By Cate McCurry, Press Association

A plaque has been unveiled in Dublin to mark two Beatles concerts 55 years ago.

Fans of the Fab Four gathered in the Irish city to see the unveiling ceremony on Middle Abbey Street, which used to be home to the Adelphi Cinema.

Dublin was gripped by Beatlemania back in November 1963 when The Beatles performed their only two concerts in the heart of the city.

Thousands of fans thronged Middle Abbey Street in the vain hope of catching a glimpse of John Lennon, Paul McCartney, George Harrison and Ringo Starr.

Terrie Colman Black was just 14 years old when she went to the concert with her brother.

“My dream was to see them and thinking about when those red curtains went back and they were there singing I screamed my head off, but I could still hear them,” she said.

“That night I became a Beatles maniac. It wasn’t just a concert, it was pivotal in music history in Dublin, in what young people were experiencing at that time, everything changed.

“There were four of them, they were different and they dressed differently.

“It was freedom and was an incredible night.”

Terrie has one of the largest collections of Beatles memorabilia, which is now on display at the Irish Rock N Roll Museum.

As part of Dublin City Council’s commemorative plaque initiative, Lord Mayor Nial Ring unveiled the plaque at the rear of Arnotts department store.
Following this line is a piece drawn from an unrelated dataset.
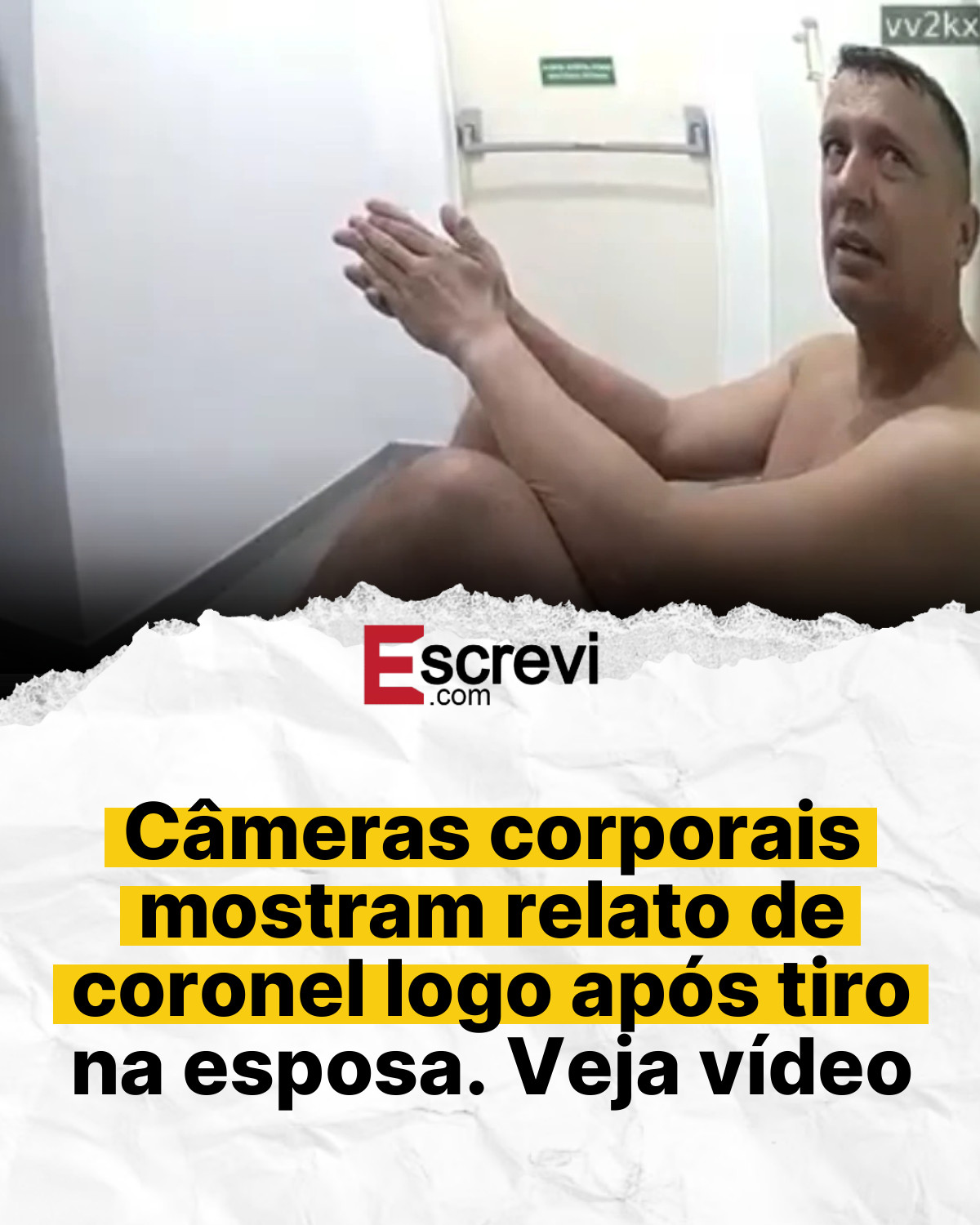 Câmeras corporais mostram relato de coronel logo após tiro na esposa. Veja vídeo card branco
Irish radio and television host Gay Byrne spoke at the event and told of how he almost became the band’s agent.

Our boss said, 'Get thee to Liverpool and bring me back the story of these mopheads called The Beatles who are appearing in a place called The Cavern and they are causing riots and civil commotion left, right and centre Gay Byrne, radio and TV host

He was working for Granada Television in Manchester when he was told of a “phenomenon” happening in Liverpool.

“Our boss said, ‘Get thee to Liverpool and bring me back the story of these mopheads called The Beatles who are appearing in a place called The Cavern and they are causing riots and civil commotion left, right and centre’.
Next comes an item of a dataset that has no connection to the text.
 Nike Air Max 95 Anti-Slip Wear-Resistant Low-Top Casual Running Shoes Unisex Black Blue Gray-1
“We went to The Cavern, this dirty, filthy little place, a dump but much used by bands and songwriters and The Beatles were there and they brought massive crowds.

“We asked them to come on the show and play live. During rehearsals, Paul McCartney said to me, ‘We would love if you would be our agent’. I would have been very well known to them at the time but I had never heard of them.

“I knew nothing of being an agent so therefore I could not be an agent.”

The broadcaster, who was diagnosed with prostate cancer in 2016, said if he had taken up the offer he would have become extremely wealthy.

He told the crowd: “You are looking at the remains of a grey-haired old loon – you are very lucky you are seeing some hair because with the chemotherapy I lost it all – whose great claim to fame was he almost became The Beatles’ agent.

“I am happy to be here with you all, in my present condition I am happy to be anywhere with anybody.

“I think it’s a very good idea to mark as many tourist attractions as we have. The big ones are taken care of, Parnell, O’Connell and Padraig Pearse, but there are smaller ones that people might pass by.”

The idea was proposed by journalist Paddy Murray, who was just 10 years old at the time of the concert.